**AIM OF THE EXERCISE:**
Once you reach the line that holds "JLab JBuddies Studio" in the listing below, output it and every line after it through the line that holds "OOWOLF Monitor Light", word for word.

**RECORDS FOR THE TASK:**
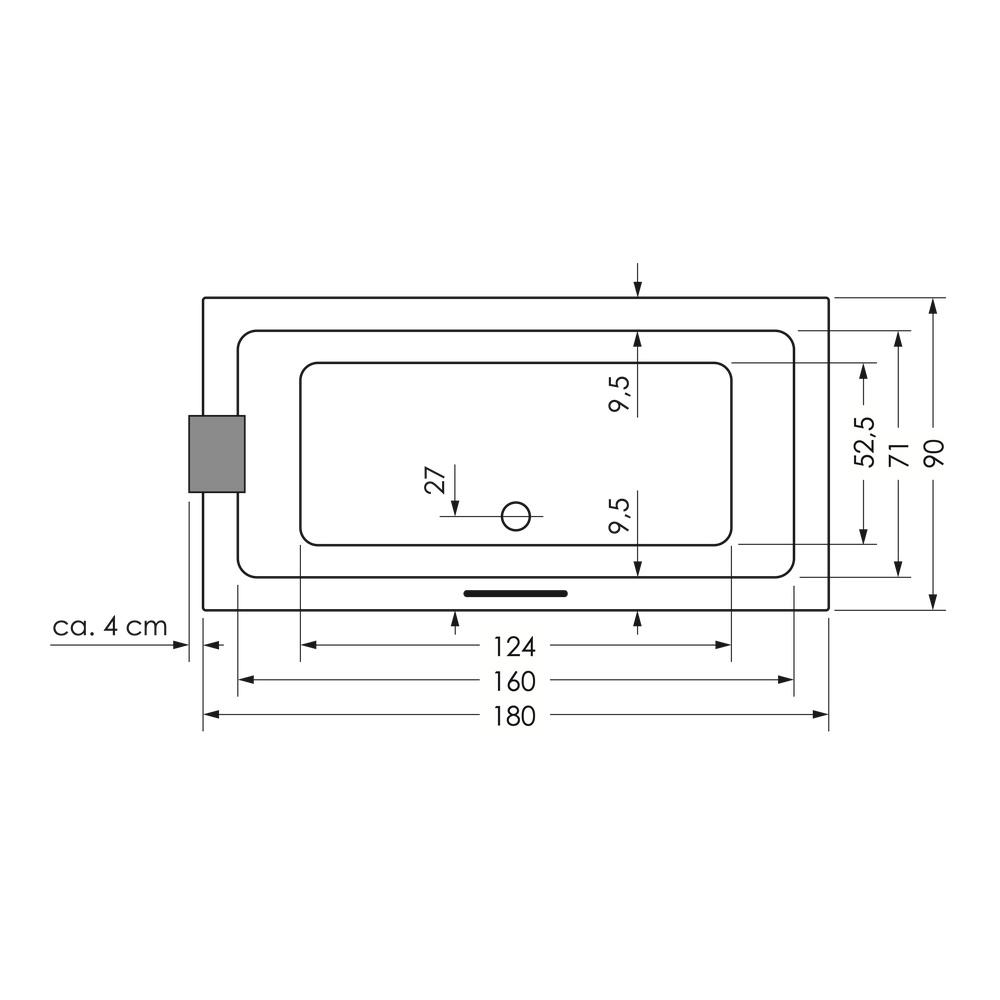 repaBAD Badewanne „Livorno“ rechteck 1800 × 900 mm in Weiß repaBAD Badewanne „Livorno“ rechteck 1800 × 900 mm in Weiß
==
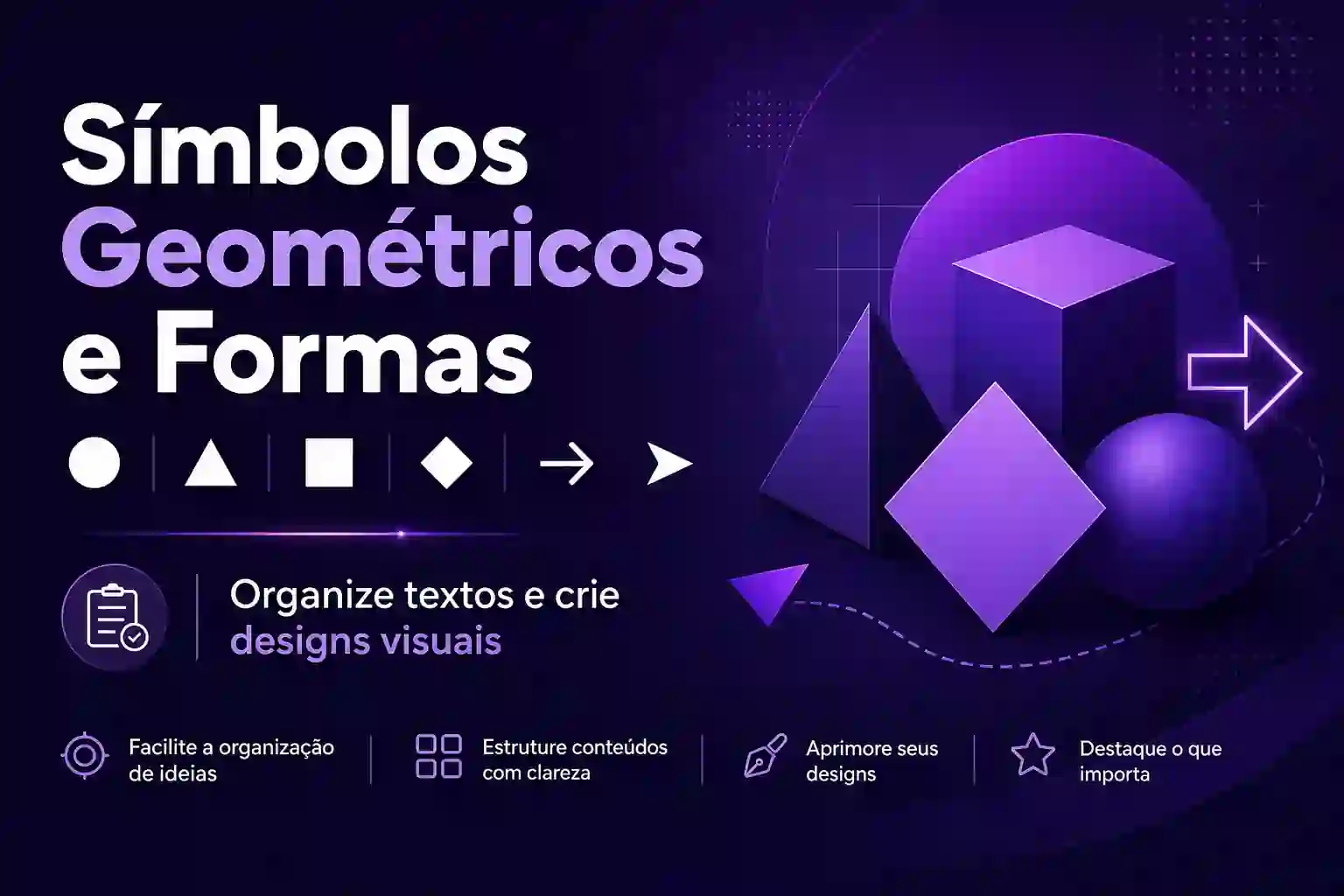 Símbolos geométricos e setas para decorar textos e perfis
* * *
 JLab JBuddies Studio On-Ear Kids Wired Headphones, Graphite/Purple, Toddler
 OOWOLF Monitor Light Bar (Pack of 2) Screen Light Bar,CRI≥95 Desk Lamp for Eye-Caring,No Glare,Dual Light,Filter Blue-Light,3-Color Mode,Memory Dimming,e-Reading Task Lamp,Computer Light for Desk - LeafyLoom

**ANSWER AREA:**
 JLab JBuddies Studio On-Ear Kids Wired Headphones, Graphite/Purple, Toddler
 OOWOLF Monitor Light Bar (Pack of 2) Screen Light Bar,CRI≥95 Desk Lamp for Eye-Caring,No Glare,Dual Light,Filter Blue-Light,3-Color Mode,Memory Dimming,e-Reading Task Lamp,Computer Light for Desk - LeafyLoom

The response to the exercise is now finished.